## Exercise input:

<<<<

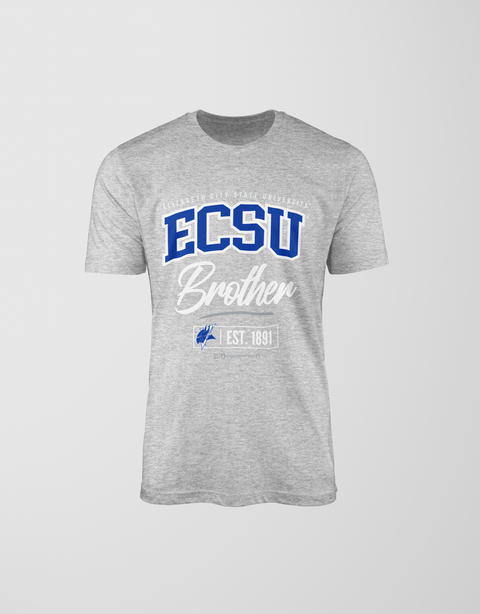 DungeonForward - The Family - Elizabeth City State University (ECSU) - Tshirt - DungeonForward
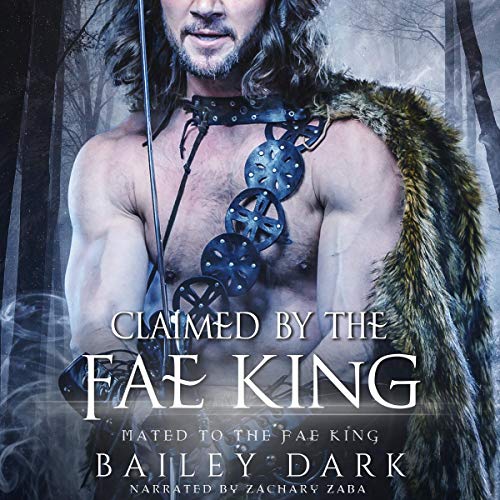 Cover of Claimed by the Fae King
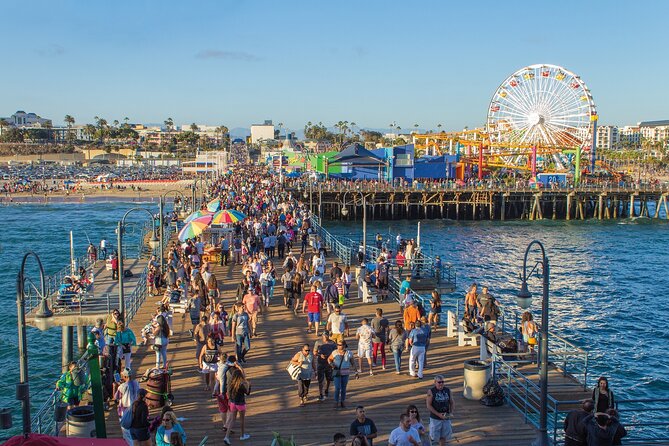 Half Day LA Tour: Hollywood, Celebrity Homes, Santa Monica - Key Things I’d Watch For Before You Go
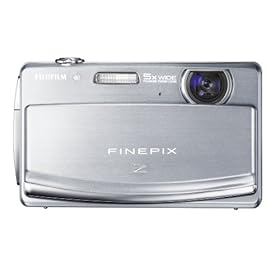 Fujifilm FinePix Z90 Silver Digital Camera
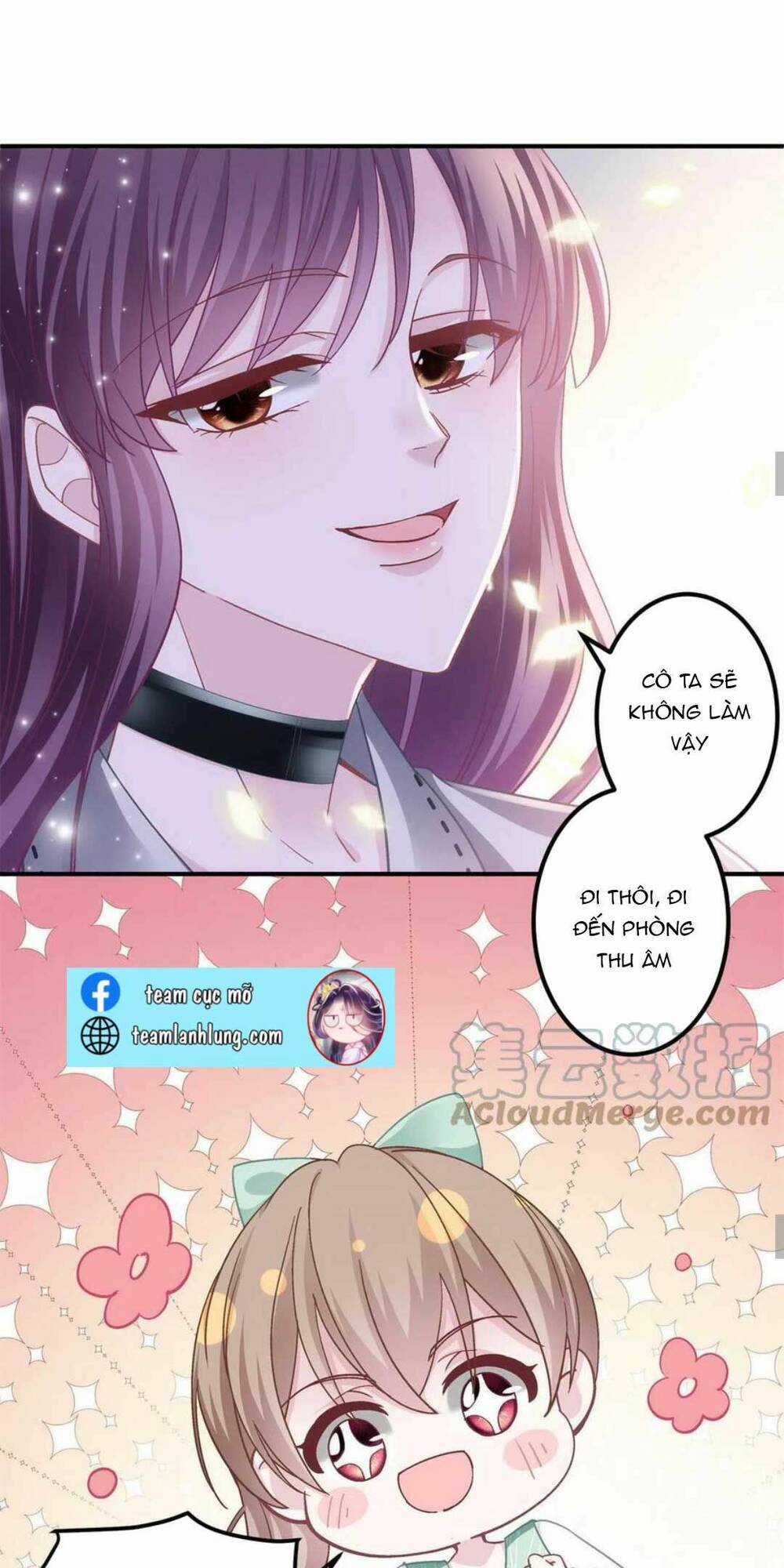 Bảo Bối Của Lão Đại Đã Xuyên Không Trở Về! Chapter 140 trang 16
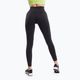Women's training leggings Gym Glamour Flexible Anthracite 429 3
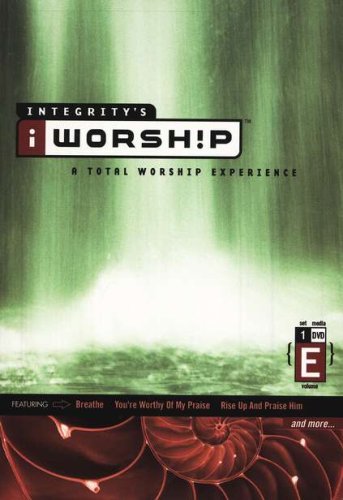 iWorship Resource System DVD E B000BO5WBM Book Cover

>>>>
<<<<

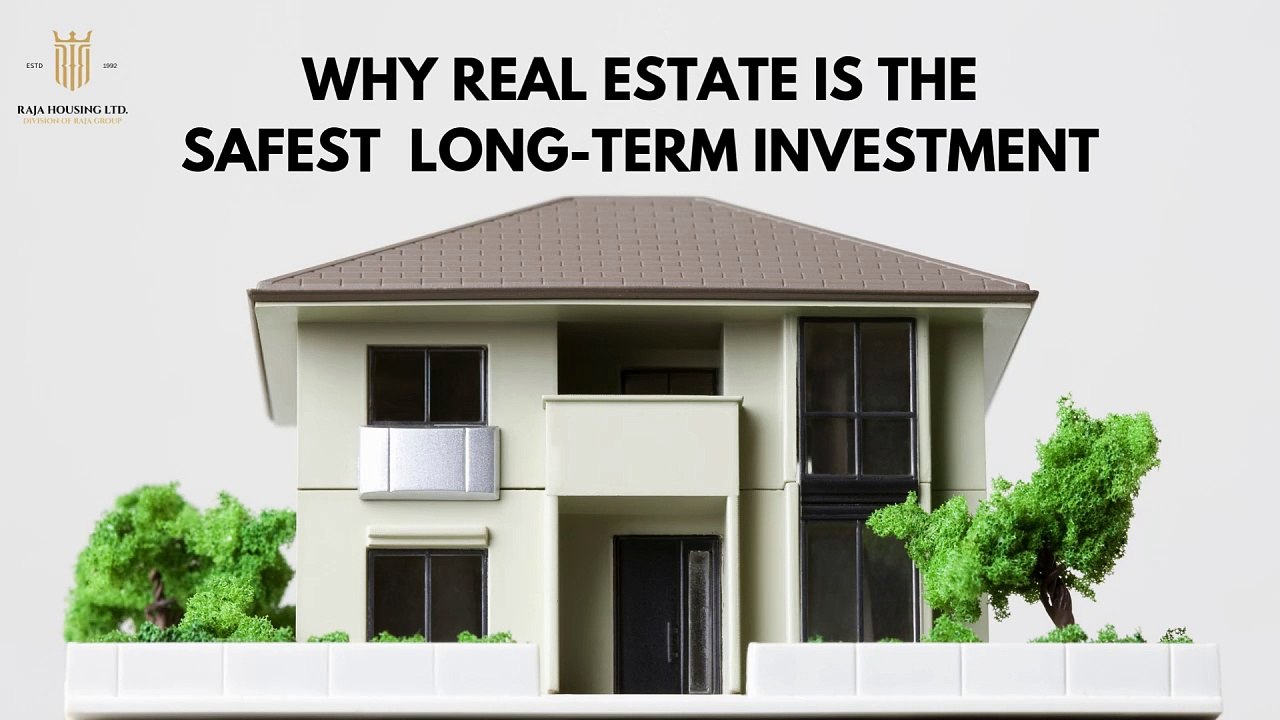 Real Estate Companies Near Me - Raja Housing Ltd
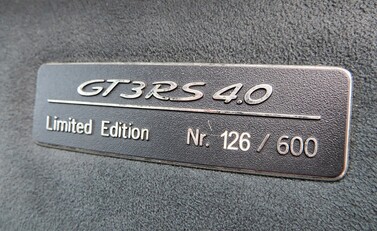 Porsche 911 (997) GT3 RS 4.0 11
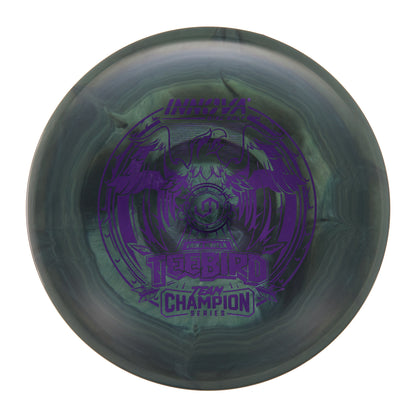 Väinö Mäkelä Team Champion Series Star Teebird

>>>>
<<<<

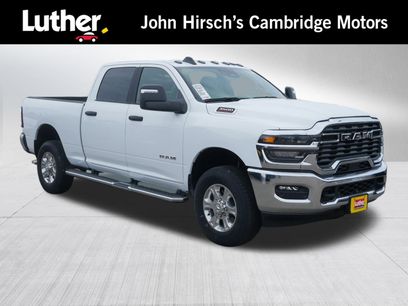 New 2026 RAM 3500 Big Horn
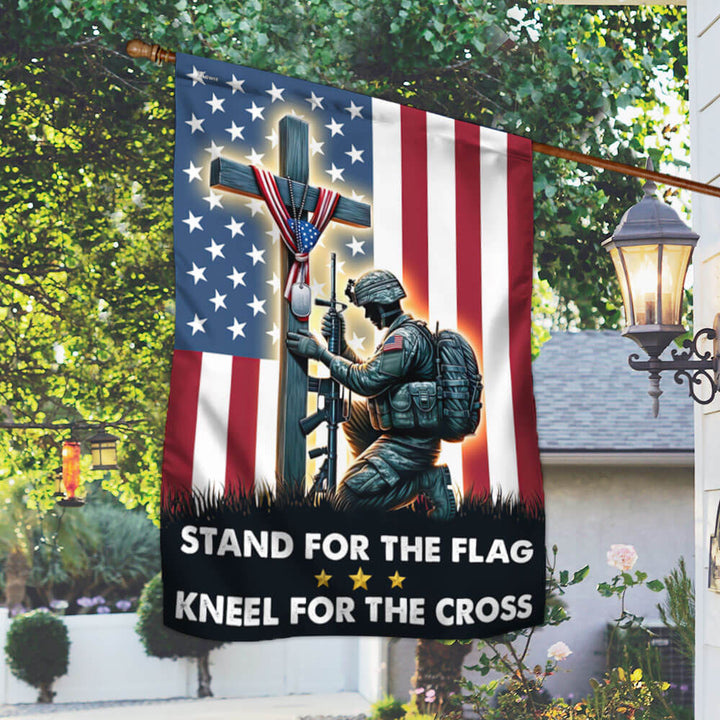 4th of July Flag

>>>>

## What you will do:
Everything above from the line containing "DungeonForward - The" through the line containing "Half Day LA" must be repeated exactly, and the pictures must be left out.

## Exercise answer:
 DungeonForward - The Family - Elizabeth City State University (ECSU) - Tshirt - DungeonForward
 Cover of Claimed by the Fae King
 Half Day LA Tour: Hollywood, Celebrity Homes, Santa Monica - Key Things I’d Watch For Before You Go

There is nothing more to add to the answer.